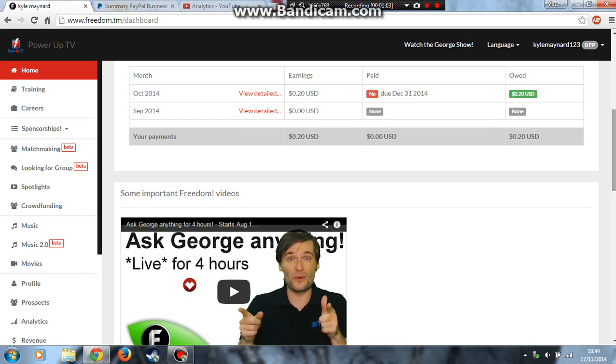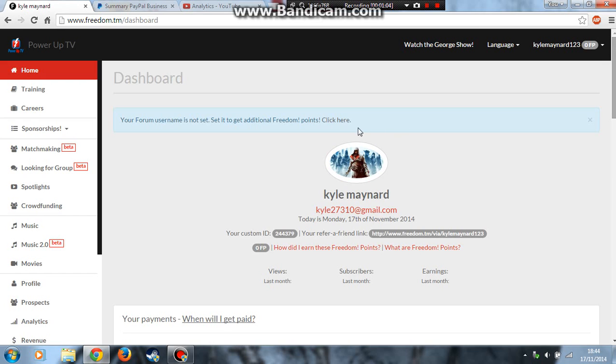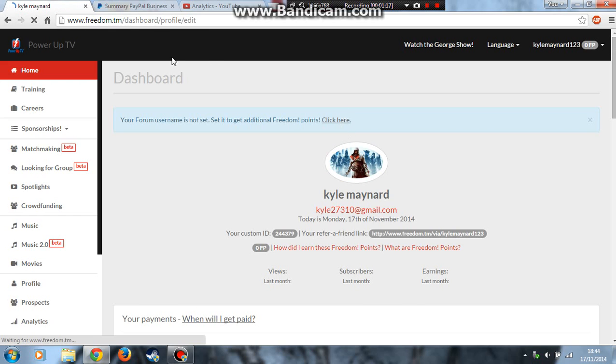You need to have a PayPal account for this, which you need to have a credit card, or you don't have to put one in if you do one. Any of these count, or anything like that.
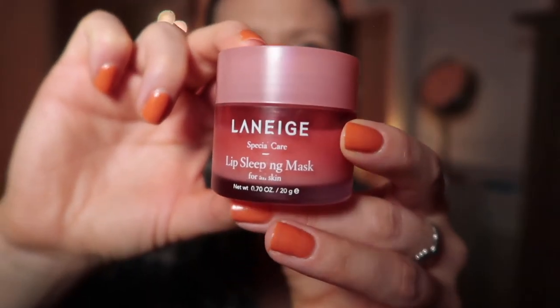Moving right along, for lip care this is by the brand Laneige — it's a lip sleeping mask. Even though it's a lip sleeping mask, I use it throughout the day. Coming into winter, colder and drier months, my lips get so dry, sometimes they split and bleed — very uncomfortable. So instead of just using this in my nighttime routine, I use it throughout the day in lieu of chapstick. It's a little thicker and more moisturizing, but not sticky. It gives a nice sheen to your lips without the hassle of lip gloss getting stuck in your hair or scarf.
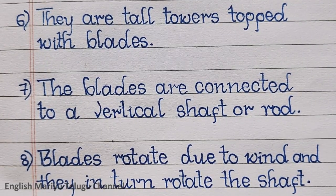Point eight: blades rotate due to wind, and they in turn rotate the shaft.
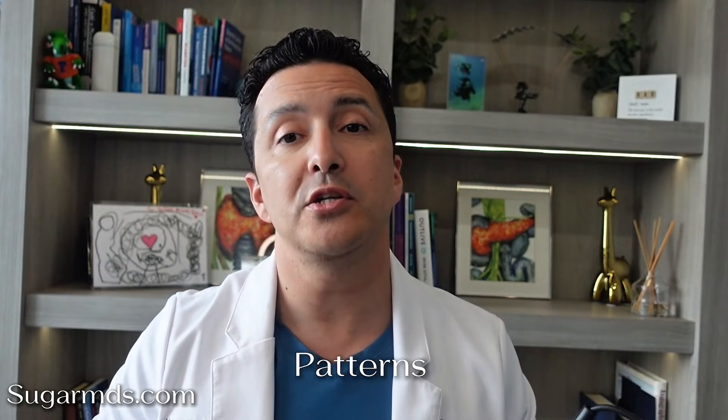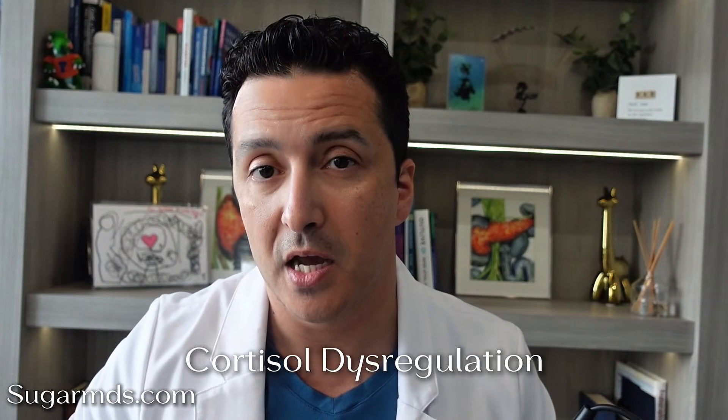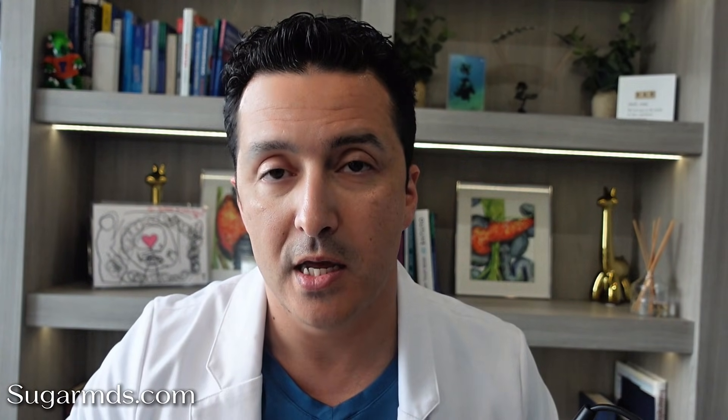When I look at fasting glucose, I don't just look at the number — I look at the patterns. Morning highs with normal daytime sugar: think liver insulin resistance. High fasting glucose plus poor sleep: think cortisol dysregulation. High fasting glucose after late dinners: think circadian and insulin timing. This is why simply cutting sugar often does not fix fasting glucose, because the problem isn't sugar intake — it is glucose production.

■ ■ ■ ■

Starting with the line that holds "Moving right along, for", copy every line exactly through the final line of the material, but skip the pictures.

Response:
Moving right along, for lip care this is by the brand Laneige — it's a lip sleeping mask. Even though it's a lip sleeping mask, I use it throughout the day. Coming into winter, colder and drier months, my lips get so dry, sometimes they split and bleed — very uncomfortable. So instead of just using this in my nighttime routine, I use it throughout the day in lieu of chapstick. It's a little thicker and more moisturizing, but not sticky. It gives a nice sheen to your lips without the hassle of lip gloss getting stuck in your hair or scarf.
Point eight: blades rotate due to wind, and they in turn rotate the shaft.
When I look at fasting glucose, I don't just look at the number — I look at the patterns. Morning highs with normal daytime sugar: think liver insulin resistance. High fasting glucose plus poor sleep: think cortisol dysregulation. High fasting glucose after late dinners: think circadian and insulin timing. This is why simply cutting sugar often does not fix fasting glucose, because the problem isn't sugar intake — it is glucose production.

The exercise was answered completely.